Architects design the built environment and are responsible for the health, safety, and welfare of the public. But architects also make things, work to improve public health, prepare for natural disasters, and advocate for climate change.
Architects, like doctors and lawyers, must be licensed, or registered, to practice. Every U.S. jurisdiction (50 states, the District of Columbia, Guam, the Northern Mariana Islands, Puerto Rico, and the U.S. Virgin Islands) requires licensure. And every jurisdiction has three requirements:
- Education. A NAAB-accredited professional degree is accepted by all jurisdictions and required by 35
- Experience. Licensure requires you to document real-world experience through the Architect Experience Program® (AXP®)

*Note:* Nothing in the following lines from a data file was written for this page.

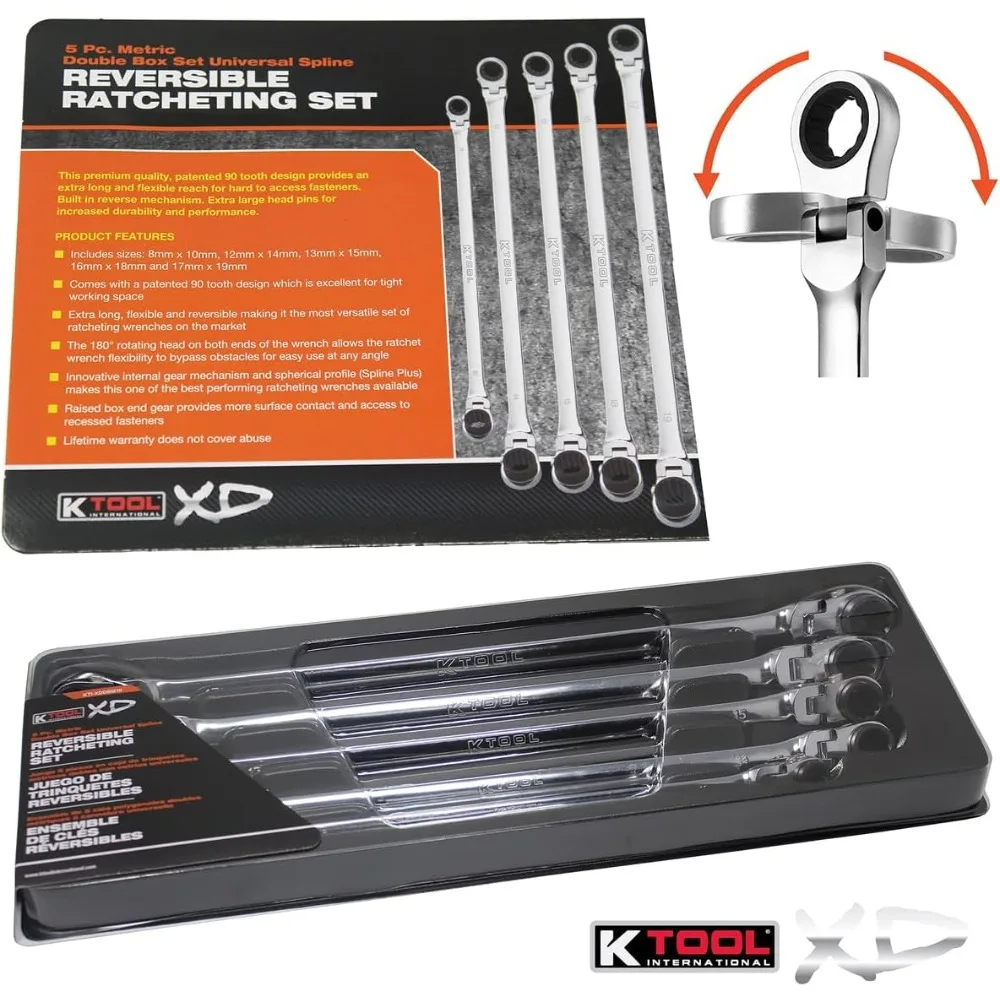 XDDBM10 5 Piece Reversible Double Box Ratcheting Wrench Set for Garages, Repair Shops, and DIY, Black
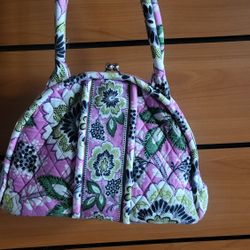 Nice Pink Floral Click Lock Vera Bradley Hand Bag & Wallet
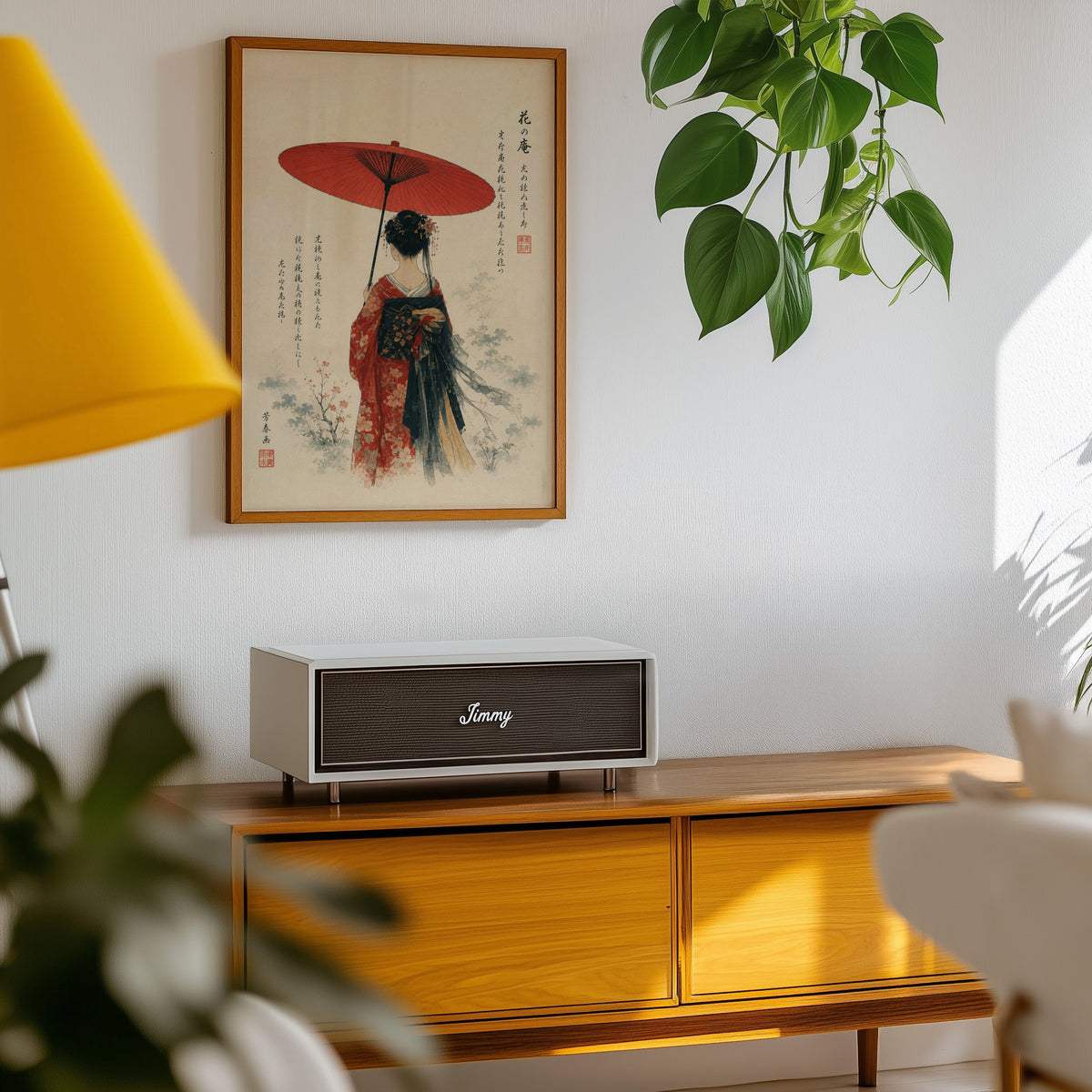 woman with red paper parasol print in an oak frame above a teak mid-century sideboard with trailing pothos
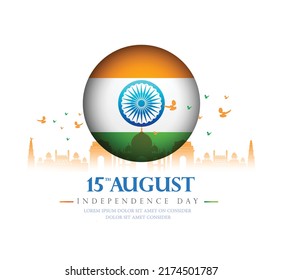 Vector illustration of Happy independence day in India celebration on 15 August with India gate, Indian flag design and flying pigeon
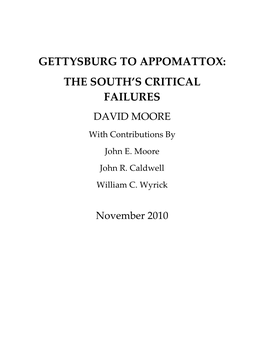 Gettysburg to Appomattox: the South’S Critical Failures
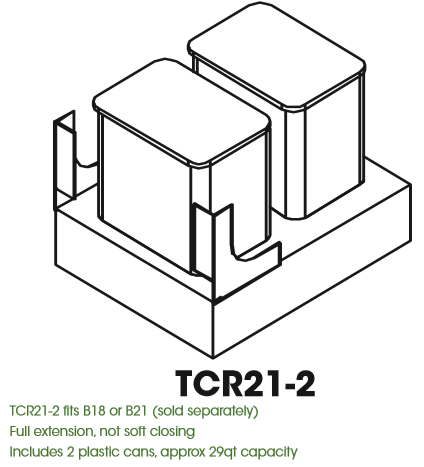 PR-TCR21-2 Double Trash Can Cabinet | TSG Forevermark Petit Brown - image 6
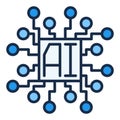 Artificial Intelligence Chip vector AI processor colored icon or design element Royalty Free Stock Photo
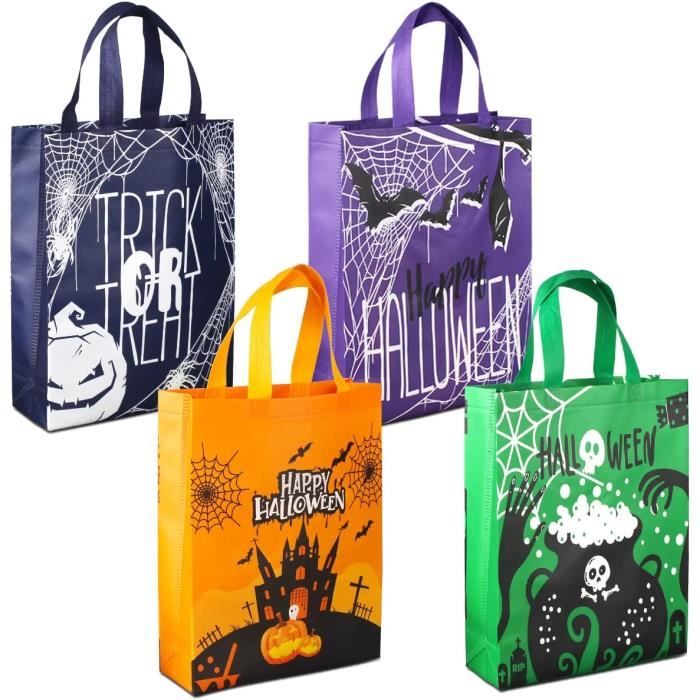 MOSTFUN 4 Pcs Sacs Halloween Trick Or Treat Avec Poignées, Bonbon Et Cadeaux En Tissu Non Tissé Pour Emballage, 23×22×11cm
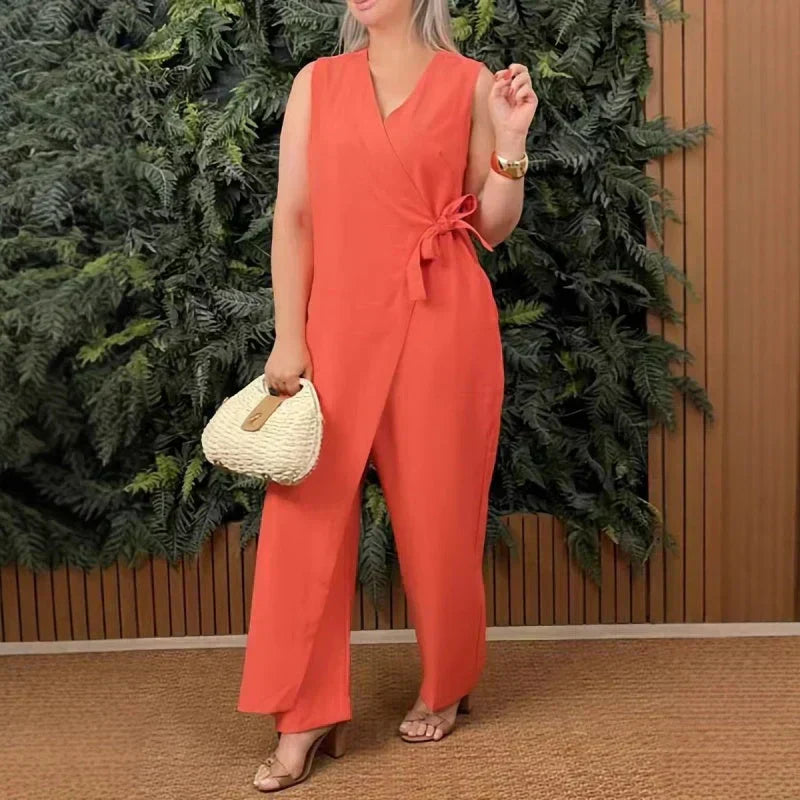 Women's elegant wide leg jumpsuit with V-neck and tie waist, perfect for summer fashion.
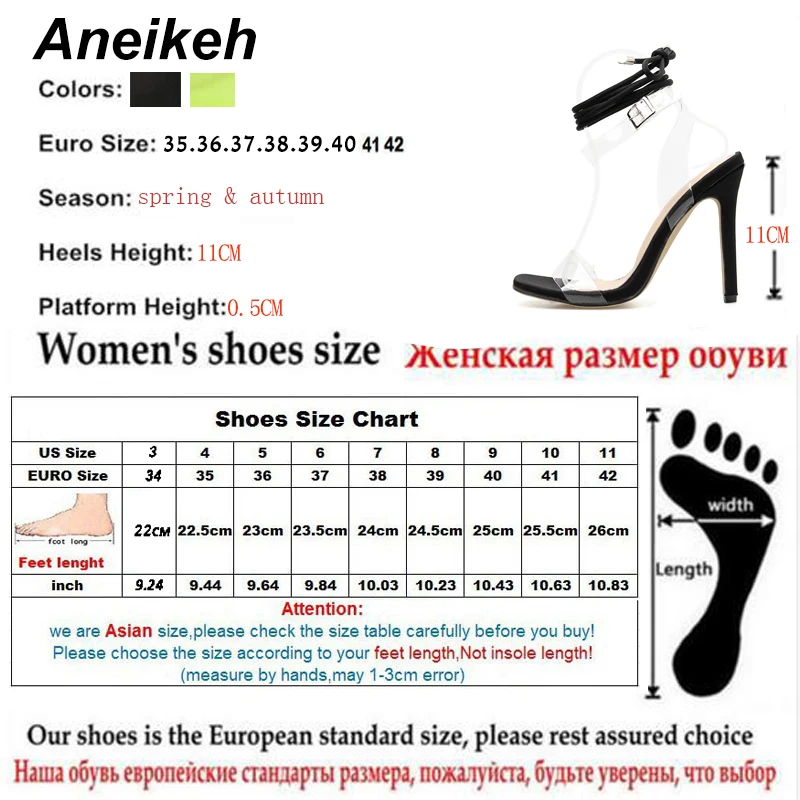 Aneikeh/ г. пикантные прозрачные босоножки на высоком тонком каблуке из ПВХ женская обувь летние туфли-лодочки на шнуровке с перекрестными ремешками и квадратным носком размер 42
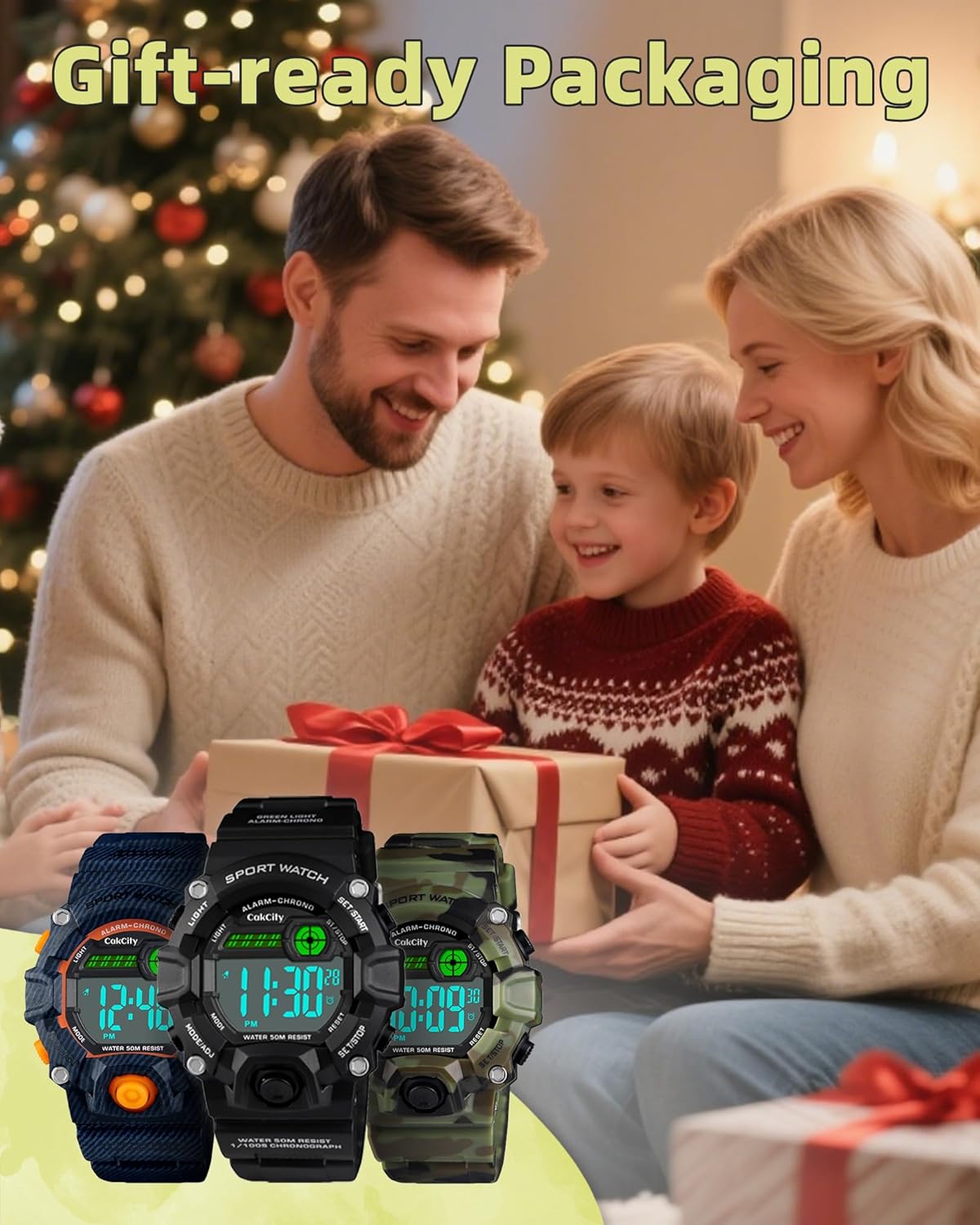 CakCity CakCity Boys Camouflage LED Sports Watch Waterproof Digital Military Style for Kids Age 5-10 with Silicone Band Alarm and Stopwatch - View 8 of 9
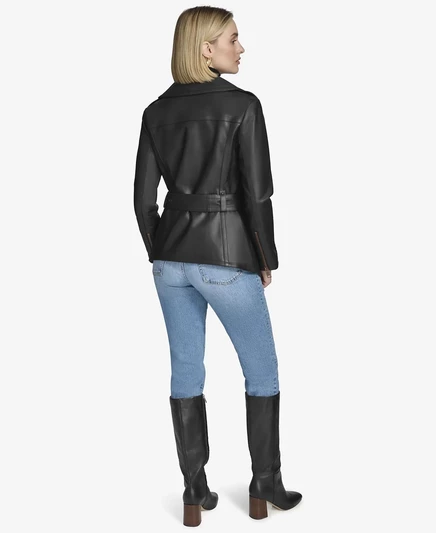 Женская кожаная куртка Delphine с поясом от Andrew Marc Black Label black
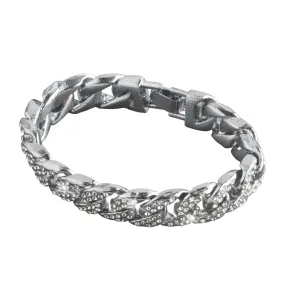 Logan Curb Rhodium Bracelet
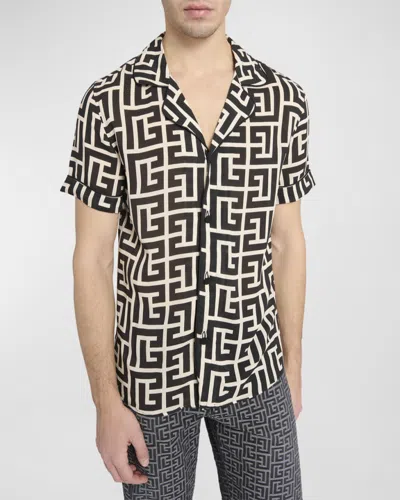 Balmain -style Relaxed Fit Shirt Collar Mini Short-sleeve Button-up With Piped Trim In Brown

- Examination. Your knowledge and skills as a budding architect are assessed by the six-division Architect Registration Examination® (ARE®)
If you’re thinking about studying architecture, there are many resources available for you :
There are 181 NAAB-accredited and candidate programs at 144 institutions from which to choose. As you begin to investigate architecture programs, keep in mind there are three paths to obtaining a NAAB-accredited, professional architecture degree:
- Obtain a Bachelor of Architecture (B.Arch.) degree, which is a five-year, professional undergraduate degree. This is different than a four-year pre-professional degree in architecture, such as a Bachelor of Science in Architecture.
- Obtain a Master of Architecture (M.Arch.) degree:
- If you want to study architecture at a 4-year pre-professional degree program, most M.Arch. programs will take two-years to complete.
- If you want to study, or have already obtained, a degree in any non-architecture subject, most M.Arch. programs will take three-years to complete.
- Certain programs offer a 5-year, Single-Institution M.Arch. degree.
- Obtain a Doctor of Architecture (D.Arch.) degree. Currently the University of Hawai’I at Mānoa offers the only accredited D.Arch.